19 février – 26 mars, 2011
La galerie Laroche/Joncas est heureuse de présenter l’exposition collective « Compossibilité (s) » réunissant le travail de cinq jeunes artistes prometteurs : Francis Arguin, Guillaume Clermont, Jean-Philippe Harvey, Étienne Lafrance et Marc-Antoine K. Phaneuf. Pour cette occasion, le commissaire invité, Paul Brunet, a convié les artistes à explorer la notion de compossibilité telle que développée par Leibniz, afin de créer une série d’œuvres qui illustre les liens et interactions possibles entre divers fragments d’une œuvre d’art.
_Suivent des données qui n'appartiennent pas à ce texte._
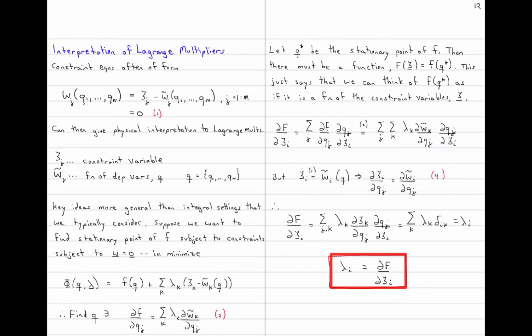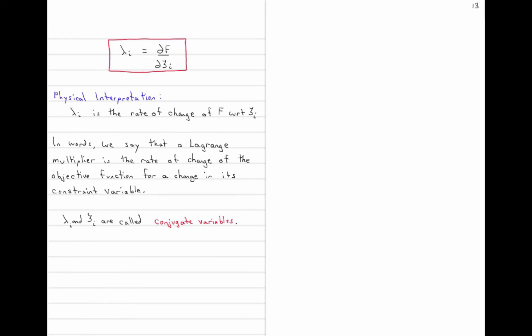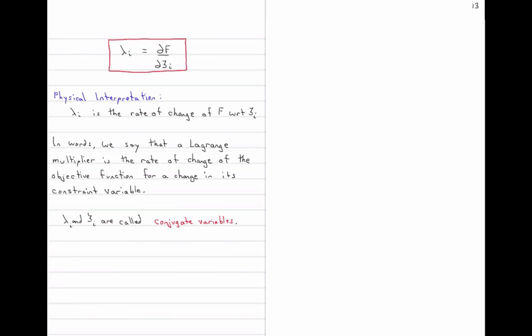This is exactly what I claimed: lambda_i equals the derivative of capital F with respect to zeta_i. Capital F is just our original objective function little f, only written in terms of the constraint variable zeta instead of the original variables q. So the Lagrange multiplier lambda is the rate of change of the objective function F for a change in the constraint variable zeta — it's the sensitivity of the objective function with respect to our constraint variable. Lambda and zeta are called conjugate variables, also known as Legendre transforms of each other in thermodynamics.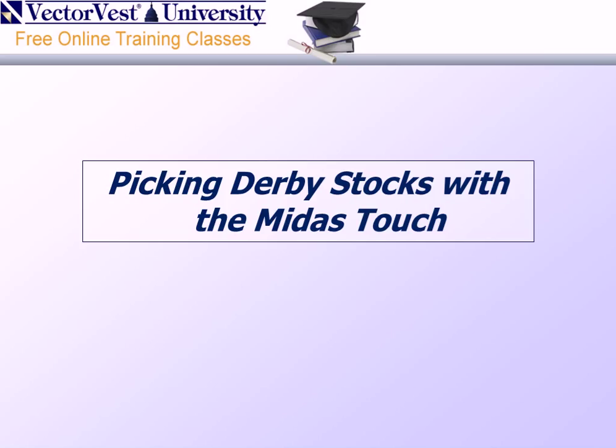Welcome to the Strategy of the Week presentation, this week titled Picking Derby Stocks with the Midas Touch. My name is Todd Schaefer, I'm the Manager of Research for VectorVest, and I'll be providing your strategy presentation this evening.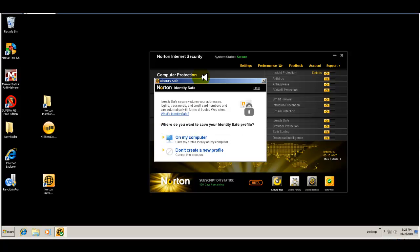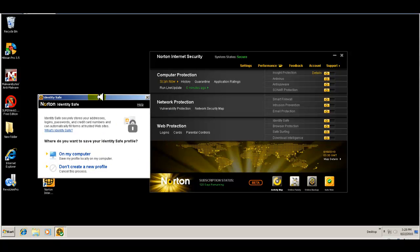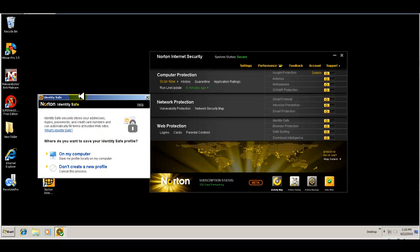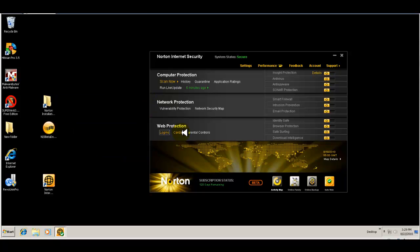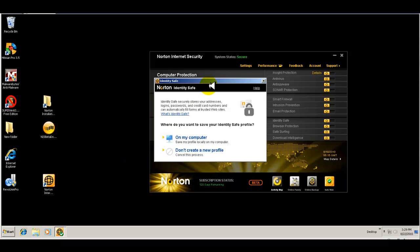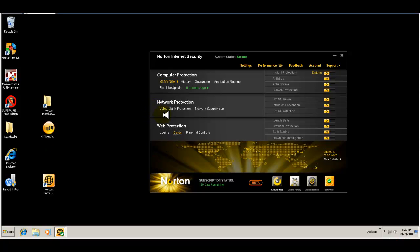And then you have your web protection. You can set up logins basically to safeguard yourself and set up logins for different areas that you might visit. So this is kind of like identity safe, so you could set that up if you want. And then you have your identity cards and you have parental controls.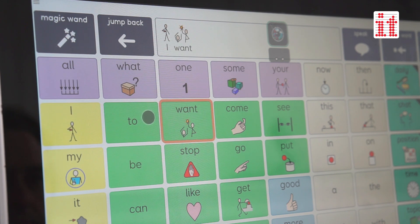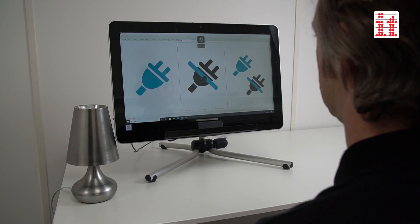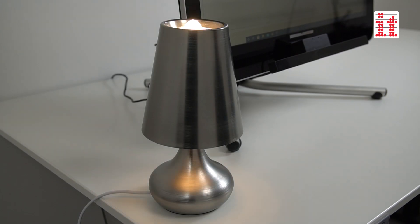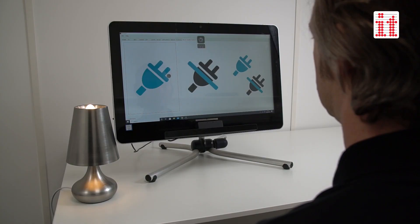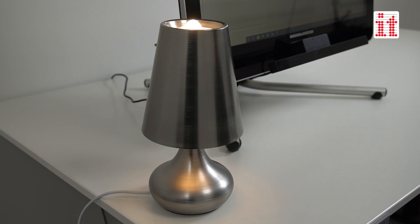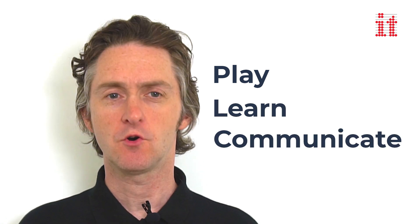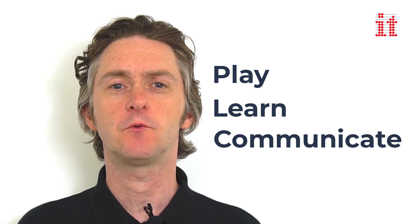You can also use Skyl for Windows for environmental control purposes — operate simple mains powered on-off devices such as a lamp or a fan, or access devices that are operated by remote control such as televisions and music systems. Play, learn, communicate and more with Skyl for Windows, the first choice for eye tracking in the classroom and beyond.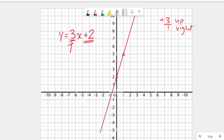So we got the same line again. There are two different ways to graph linear equations: one way is with the table, and the other way is to find the y-intercept and use the gradient to plot your line.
L’art est, a priori, un monde en soi. Quoique calquée à plusieurs niveaux sur le monde réel, l’œuvre d’art apparaît comme une réalité singulière qui a ses propres conventions et possibilités. Elle nous renvoie un monde redéfini, reconstruit, nous proposant des nouvelles réalités possibles. Lorsque deux de ces projets de nouvelles configurations sont concrètement possibles simultanément, ils sont dits compossibles. Cette notion philosophique, appliquée dans la sphère de réflexion de l’art contemporain, est porteuse d’un tout nouveau sens, élargissant les ‘possibles’ d’une œuvre d’art.
Dans l’exposition « Compossibilité (s) », les artistes ont été invités à réfléchir sur la notion de compossibilité dans le contexte de leur production artistique. Cette notion ouvre de multiples pistes de recherche à des œuvres très diversifiées, inscrites dans différents courants de l’art contemporain.
Francis Arguin propose « une sélection d'objets récents et plus anciens, provenant de séries abondantes ». Fonctionnant comme une sorte de lexique, l'ensemble est constitué d'unités qui peuvent à la fois se lire comme un tout ou comme une collection de fragments plus ou moins autonomes. Évoquant plus ou moins directement une variété d’objets de consommation, cet univers, où la représentation semble être un prétexte au faire, se présente comme une sorte d'équivalent bricolé et factice du réel.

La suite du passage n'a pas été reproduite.